A resistência à reforma dos tributos indiretos (sobre consumo) revela bem a força desses grupos de interesse, os quais impõem regimes especiais que isentem seus negócios da mordida do fisco.

Mas é na tributação direta da renda e da riqueza que a temperatura sobe. Equilíbrio fiscal com maior justiça tributária exige "colocar o rico no Imposto de Renda". Mexer nesse vespeiro aguça os mais selvagens instintos de autoproteção da turma endinheirada.

Ao ameaçar eliminar a isenção dos fundos de investimentos exclusivos, Fernando Haddad desnuda o pilar essencial de uma plutocracia, a saber: os ricos emprestam a juros para o Estado o dinheiro que não pagaram em tributos. Parece exagero, mas não é.

O ministro da Fazenda, Fernando Haddad
O ministro da Fazenda, Fernando Haddad - Gabriela Biló - 31.jul.2023/Folhapress

A Receita Federal divulga anualmente os Grandes Números do Imposto da Renda Pessoa Física (IRPF): uma radiografia do topo da distribuição de renda no Brasil.
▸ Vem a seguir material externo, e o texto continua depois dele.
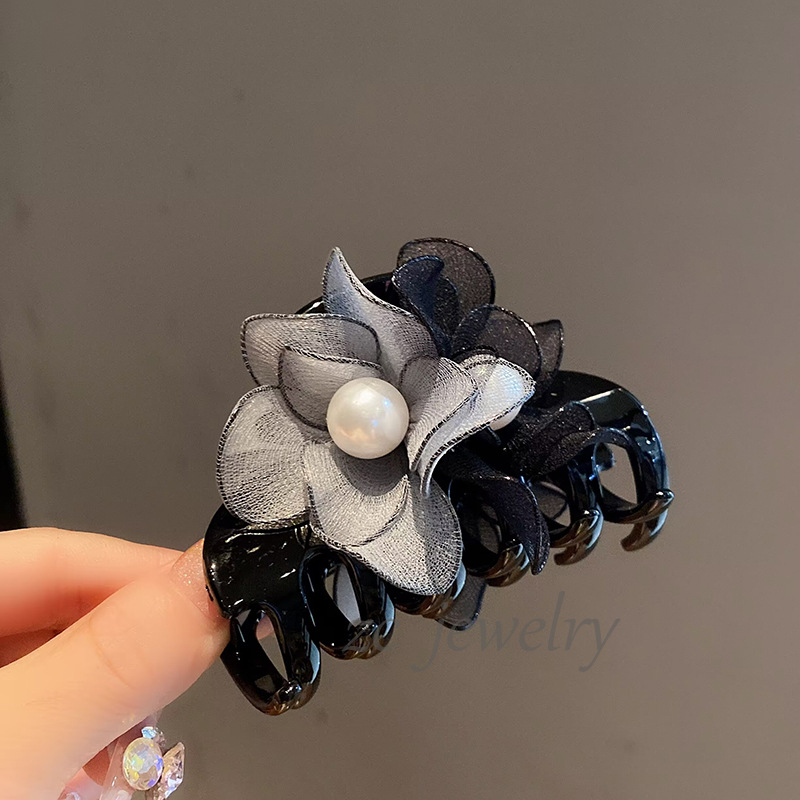 【抓夹】韩版清新拼色网纱烧边花朵珍珠发夹女气质花苞头丸子头饰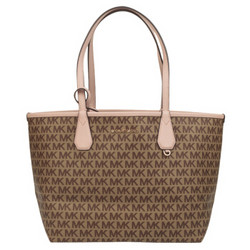 MICHAEL KORS 迈克·科尔斯 MK女包 CANDY LG系列PVC棕色拼粉色单肩手提两面包 35H7GY2T3T BG EB BALLET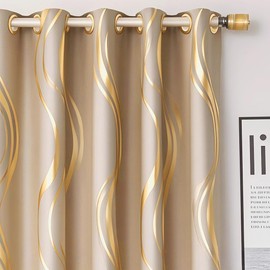 MYRU 1 Pair Khaki Blackout Curtains for Bedroom, Luxury Striped Curtains for Living Room(Khaki and Gold, 2 Panels 54 x 84 Inch)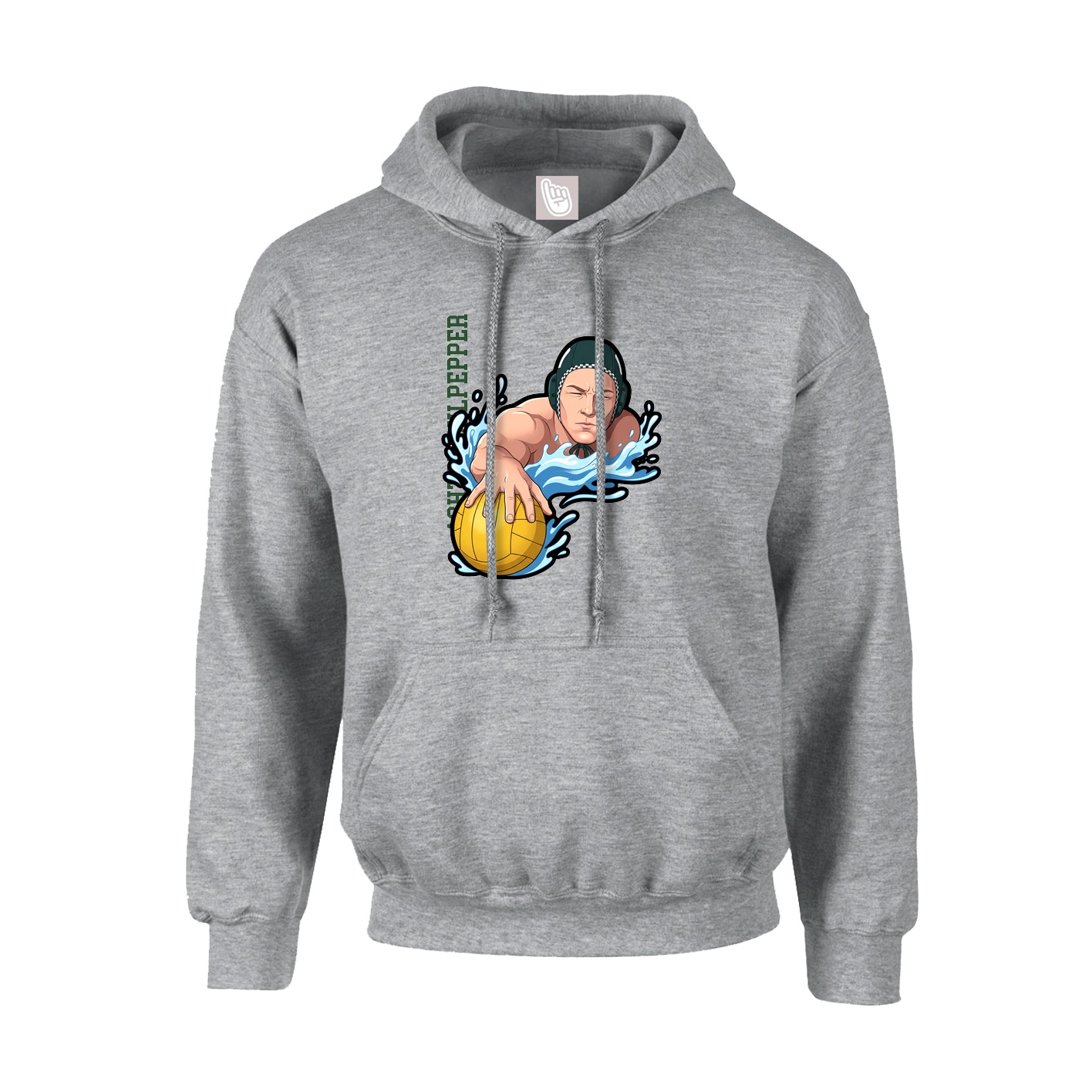 Hoodie — Name Vertical in Grey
Recente reportagem de Idiana Tomazelli na Folha mostrou que o acúmulo de lucros e dividendos declarados bateu R$ 555,7 bilhões, um crescimento de 44,6% entre 2020 e 2021. Deste total, R$ 411 bilhões ficaram nas mãos do 1% mais rico, e R$ 117 bilhões, com o 0,01% no topo. Essa fonte de renda representa 36% do total de rendimentos isentos de IRPF em 2021.

O aumento incomum não foi fruto de um surto de lucratividade das empresas, mas uma reação evasiva à retomada da tributação de lucros e dividendos distribuídos à pessoa física, com alíquota prevista de 15%.
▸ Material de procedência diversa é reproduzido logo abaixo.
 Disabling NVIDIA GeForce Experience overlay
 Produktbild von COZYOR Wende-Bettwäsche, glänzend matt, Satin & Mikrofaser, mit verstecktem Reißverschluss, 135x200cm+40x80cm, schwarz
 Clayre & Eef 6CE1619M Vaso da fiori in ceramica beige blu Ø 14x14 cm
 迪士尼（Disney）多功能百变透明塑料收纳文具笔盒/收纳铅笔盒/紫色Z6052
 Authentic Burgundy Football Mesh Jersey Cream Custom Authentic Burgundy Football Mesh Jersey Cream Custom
Além de não poupar a saúde do trabalhador nem o meio ambiente, a ganância patológica do velho extrativismo investe também contra nossas empresas. Caso exemplar desse movimento foi a Petrobras distribuir mais dividendos que todas as empresas juntas em 2022.
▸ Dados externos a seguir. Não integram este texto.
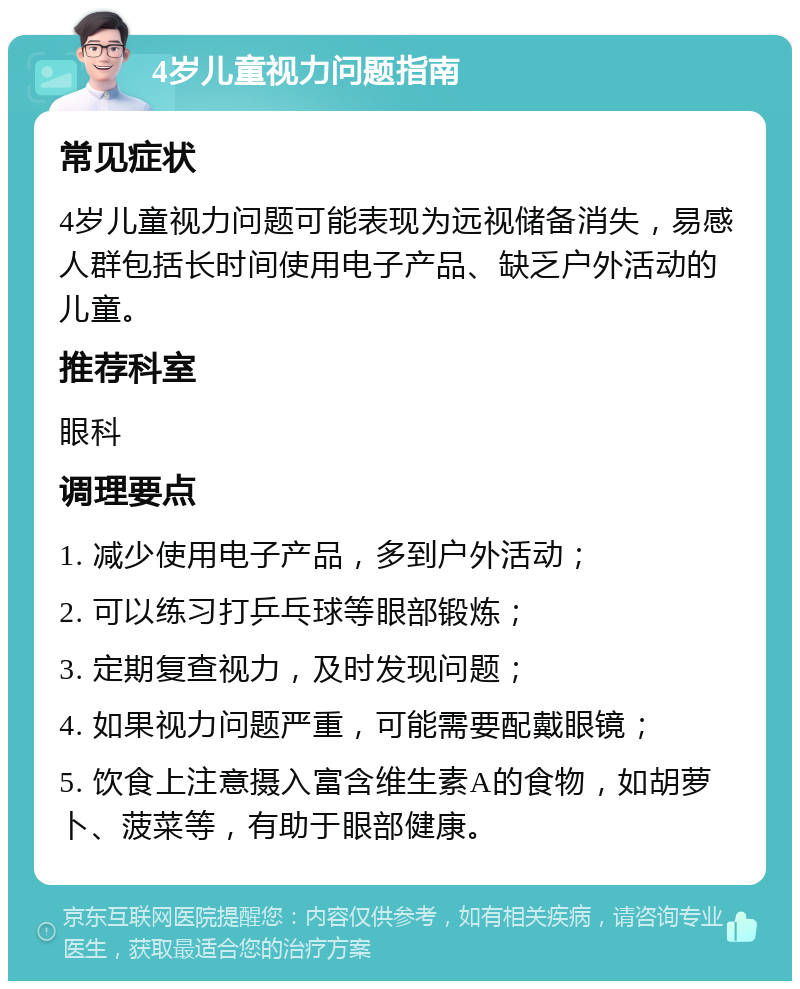 4岁儿童视力问题指南 常见症状 4岁儿童视力问题可能表现为远视储备消失，易感人群包括长时间使用电子产品、缺乏户外活动的儿童。 推荐科室 眼科 调理要点 1. 减少使用电子产品，多到户外活动； 2. 可以练习打乒乓球等眼部锻炼； 3. 定期复查视力，及时发现问题； 4. 如果视力问题严重，可能需要配戴眼镜； 5. 饮食上注意摄入富含维生素A的食物，如胡萝卜、菠菜等，有助于眼部健康。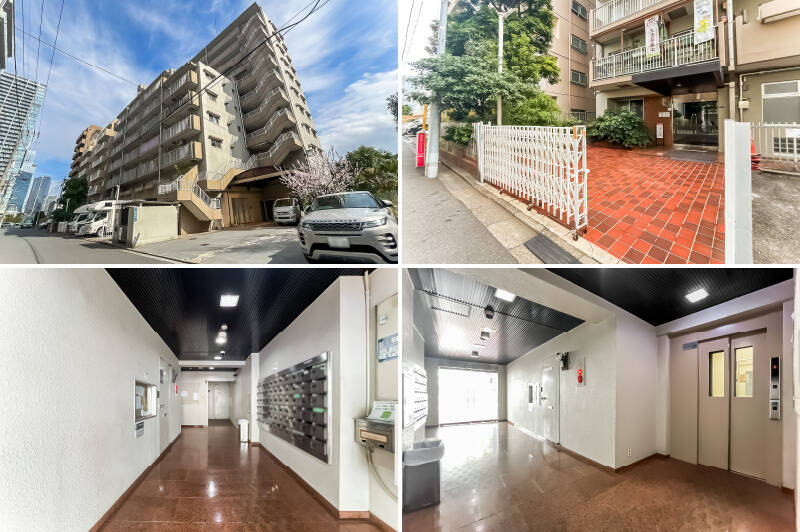 1980年に竣工した、地上11階建てのマンション。運河を背負うように建つ、落ち着いたベージュの外観です。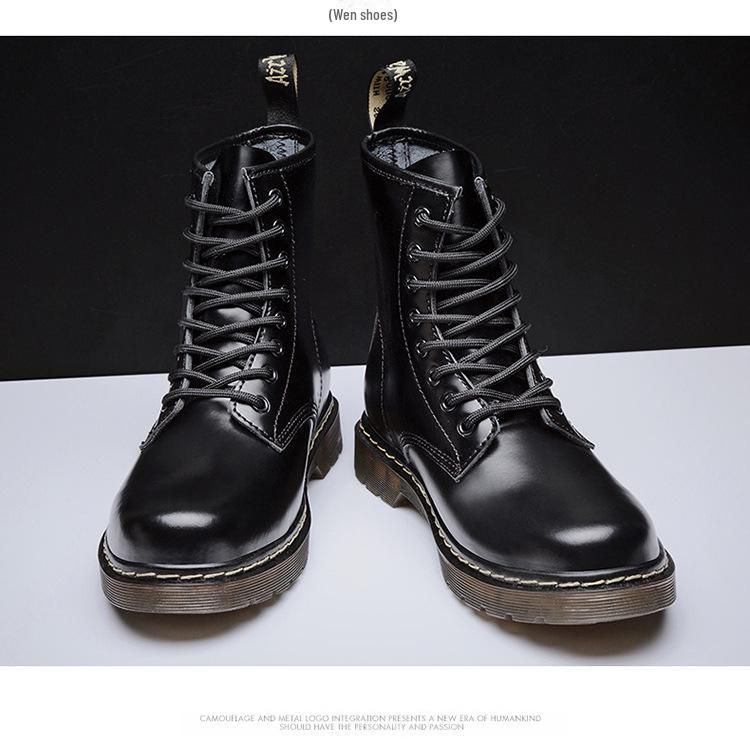 Men's High-Top Martin Boots - British & Korean Style Winter Leather Work Shoes, Versatile Trendy Casual Footwear with Velvet, Autumn Collection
Felizmente, para os super-ricos que adoram uma "inconsistência contábil", a proposta de Guedes morreu antes de chegar à praia. Em tempo: o medo do comunismo deve ter motivado o aumento de 34%, entre 2020 e 2021, nas heranças e doações —R$ 148 bilhões, também isentas de IRPF.

As rendas não tributáveis e aquelas sujeitas à tributação exclusiva representam 95% dos rendimentos do 0,01% mais rico do Brasil. A renda anual dessas 2.342 pessoas varia de R$ 20 milhões a R$ 22 bilhões. Sim, bilhões! O patrimônio declarado desse grupo soma R$ 2,33 trilhões (você não leu errado). Esse valor representa 62% da riqueza do 0,1% mais rico e 40% do total detido pelo 1% no topo. Como nem todo patrimônio tem valor de mercado atualizado, esses dados estão provavelmente subestimados. Traduzindo: a concentração de riqueza entre os ricos no Brasil é obscena: uma verdadeira plutocracia!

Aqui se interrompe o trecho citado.